Exercise → Nothing but the text should be carried over: reproduce all the data exactly and leave out every image.

Dataset excerpt →
☆ ☆ ☆ ☆ ☆ ☆ ☆
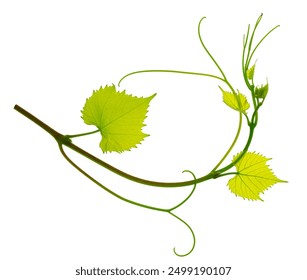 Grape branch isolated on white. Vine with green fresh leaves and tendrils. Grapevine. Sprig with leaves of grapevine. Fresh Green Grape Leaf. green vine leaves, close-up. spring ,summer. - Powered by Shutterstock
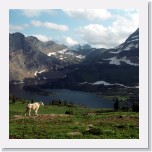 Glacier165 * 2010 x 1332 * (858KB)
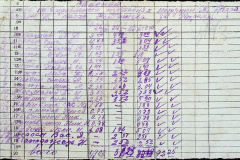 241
☆ ☆ ☆ ☆ ☆ ☆ ☆
Exercise answer →
 Grape branch isolated on white. Vine with green fresh leaves and tendrils. Grapevine. Sprig with leaves of grapevine. Fresh Green Grape Leaf. green vine leaves, close-up. spring ,summer. - Powered by Shutterstock
 Glacier165 * 2010 x 1332 * (858KB)
 241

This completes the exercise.